Am Sonntag, dem 14.2.2021, begann Anne Will (mit Hilfe ihrer Redaktion) ihre Rederunde  forsch. Lockdown statt Perspektivplan - ist die deutsche Pandemiepolitik wirklich alternativlos? fragte sie. Die Merkelsche Lieblingsvokabel Alternativlosigkeit, das für eine promovierte Naturwissenschaftlerin erstaunliche Missverständnis des Wortes Alternative (das die Bundespartei des Eigentors auch nicht verstanden hat), diente Anne Will zu einer milden Kritik mit dem Versprechen eines neuen Ausblicks. Eingeladen waren: Melanie Amann (vom SPIEGEL), die einzige Journalistin, Annalena Baerbock, Christian Lindner, Olaf Scholz und Markus Söder. Eine vertraute Runde. 

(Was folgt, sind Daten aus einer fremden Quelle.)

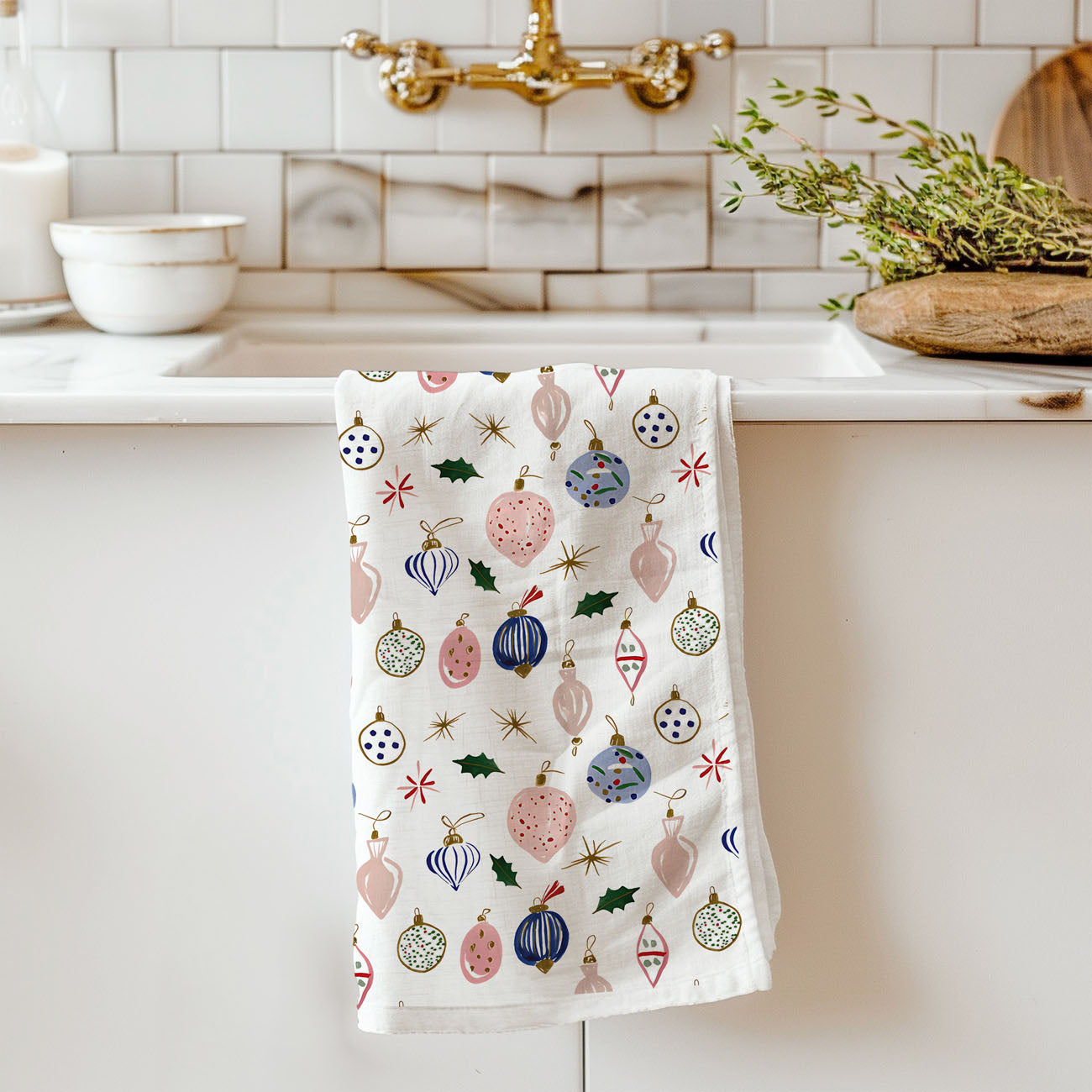 minimalist christmas kitchen towel ornament print
clean aesthetic holiday kitchen towel
christmas kitchen towel styled with greenery decor
holiday kitchen towel with pine and berries styling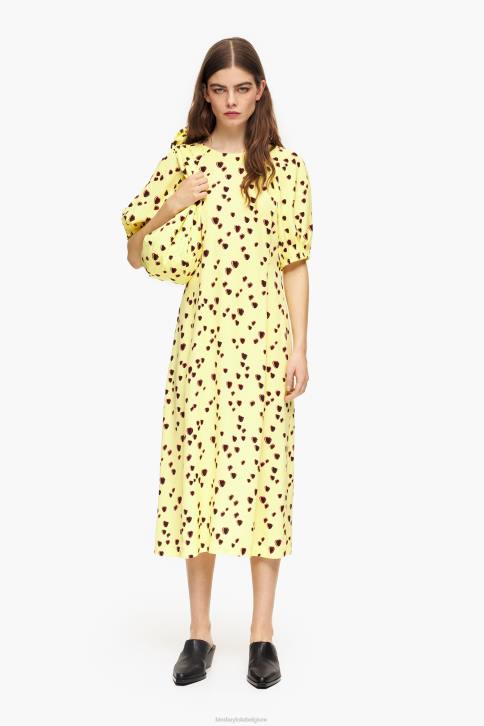 A-lijn midi-jurk met kleine hartenprint Bimba Y Lola geel kleding 4HDL221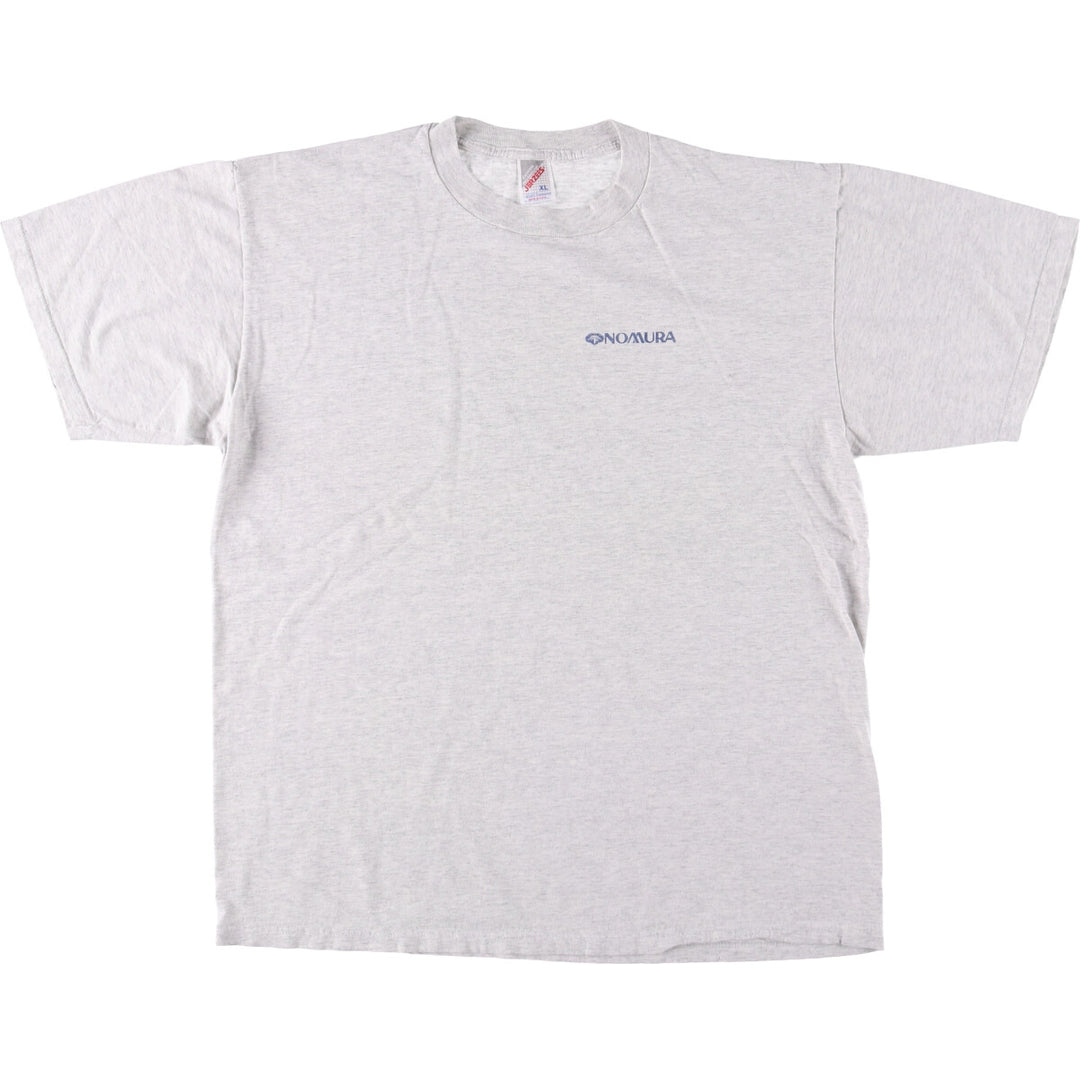 90'S Jerseys NOMURA Nomura Securities Advertising T-shirt Made in USA Men's XL Vintage cotton gray type Vintage Second Hand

Das 35 ist das neue 50. Fühlten Sie sich auch überrumpelt?, fragte Anne Will die Journalistin Melanie Amann. In der Pressekonfrerenz am vorausgegangenen Mittwoch hatte unsere Kanzlerin die neue Inzidenzmarke von 35  ausgegeben als den neuen, für sieben Tage konstanten neuen Grenzwert (statt 50) für einen möglichen Spielraum, den so genannten lockdown hier & da aufzuschließen. 35 statt 50. Die Szene aus der Pressekonferenz mit der Kanzlerin vom Mittwoch wurde eingespielt. Dort war die Kanzlerin gefragt worden, wie lange die 7-Tage-Inzidenz von 35 bestehen sollte, um einen Eingriff in den Bewegungsradius der Leute zu rechtfertigen. Angela Merkel antwortete wie folgt:

"Mindestens drei Tage, sage ich mal, irgendwas zwischen fünf und drei Tagen oder drei und fünf Tage sollte es sein...Sie können davon ausgehen mindestens drei Tage...." (wörtliche Mitschrift).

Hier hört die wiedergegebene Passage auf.